# Pre-trained CNNs with Fine Tuning

A standard and practical approach to deep learning on small image datasets is to use a pre-trained network. A pre-trained network is a saved network previously trained on a large dataset, usually on a large-scale image-classification task. 

In [1]:
import pandas as pd 
import plotly.express as px 
import plotly.io as pio 
pio.renderers.default = "plotly_mimetype+notebook_connected"

In [2]:
from tensorflow.keras.models import Sequential 
from tensorflow.keras.layers import Dense, Dropout, Flatten 
from tensorflow.keras.preprocessing.image import ImageDataGenerator 
from tensorflow.keras.optimizers import SGD

There are two ways to use a pre-trained network: 
- feature extraction 
- fine-tuning. 

In this notebook we will use fine tuning.

Fine-tuning consists of unfreezing a few of the top layers of a frozen model base used for feature extraction and jointly training both the newly added part of the model (in this case, the fully connected classifier) and these top layers.

It is only possible to fine-tune the top layers of the convolutional base once the classifier on top has already been trained.

The steps for fine-tuning a network are as follows:
1. Add your custom network on top of an already-trained base network.
2. Freeze the base network.
3. Train the part you added.
4. Unfreeze some layers in the base network.
5. Jointly train both these layers and the part you added

## Using VGG16

In [3]:
from tensorflow.keras.applications import VGG16

# Load the pre-trained VGG16 model
conv_baseV = VGG16(weights='imagenet', include_top=False, input_shape=(150, 150, 3))

VGG16 is a convolutional neural network (CNN) architecture that was introduced by the Visual Geometry Group (VGG) at the University of Oxford in 2014. VGG16 is composed of a total of 16 layers, including 13 convolutional layers and 3 fully connected layers.
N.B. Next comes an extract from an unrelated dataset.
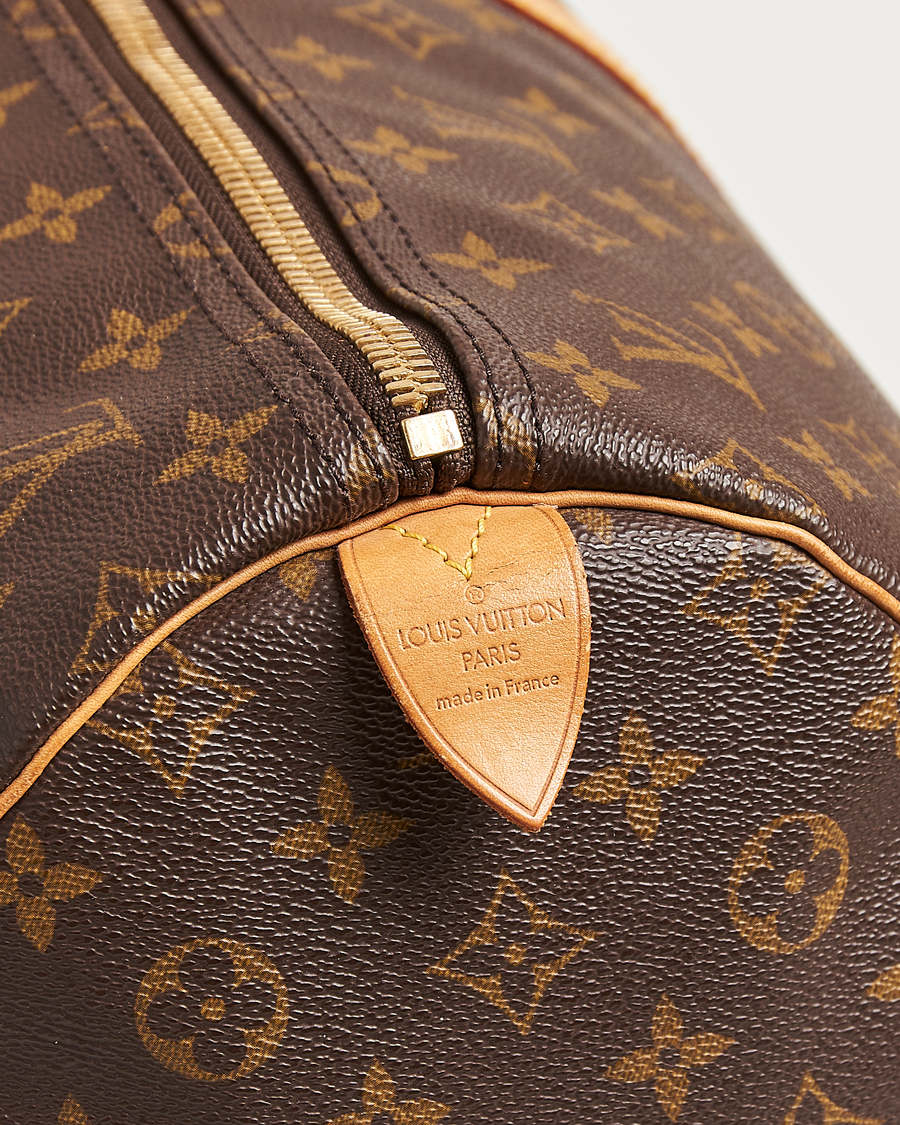 Herre | Pre-Owned & Vintage Bags | Louis Vuitton Pre-Owned | Keepall 55 Monogram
The convolutional layers use small 3x3 filters with a stride of 1 and a padding of 1, and the max-pooling layers have a 2x2 filter with a stride of 2. 

In [4]:
conv_baseV.summary()

Model: "vgg16"
_________________________________________________________________
 Layer (type)                Output Shape              Param #   
 input_1 (InputLayer)        [(None, 150, 150, 3)]     0         
                                                                 
 block1_conv1 (Conv2D)       (None, 150, 150, 64)      1792      
                                                                 
 block1_conv2 (Conv2D)       (None, 150, 150, 64)      36928     
                                                                 
 block1_pool (MaxPooling2D)  (None, 75, 75, 64)        0         
                                                                 
 block2_conv1 (Conv2D)       (None, 75, 75, 128)       73856     
                                                                 
 block2_conv2 (Conv2D)       (None, 75, 75, 128)       147584    
                                                                 
 block2_pool (MaxPooling2D)  (None, 37, 37, 128)       0     

In [5]:
train_dir = 'cats_and_dogs/train'
test_dir  = 'cats_and_dogs/test'

Let's start by creating our model on top of VGG16, freezing VGG16, and training the model.

In [6]:
modelV = Sequential()

# convolutional base
modelV.add(conv_baseV)

# fully connected layer
modelV.add(Flatten())
modelV.add(Dense(256, activation='relu'))
modelV.add(Dropout(0.5))
modelV.add(Dense(1, activation='sigmoid'))

modelV.summary()

Model: "sequential"


_________________________________________________________________
 Layer (type)                Output Shape              Param #   
 vgg16 (Functional)          (None, 4, 4, 512)         14714688  
                                                                 
 flatten (Flatten)           (None, 8192)              0         
                                                                 
 dense (Dense)               (None, 256)               2097408   
                                                                 
 dropout (Dropout)           (None, 256)               0         
                                                                 
 dense_1 (Dense)             (None, 1)                 257       
                                                                 
Total params: 16,812,353
Trainable params: 16,812,353
Non-trainable params: 0
_________________________________________________________________


In [7]:
# Freezing the convolutional base
print('Number of trainable weights BEFORE freezing the conv base:', len(modelV.trainable_weights))
conv_baseV.trainable = False
print('Number of trainable weights AFTER freezing the conv base:', len(modelV.trainable_weights))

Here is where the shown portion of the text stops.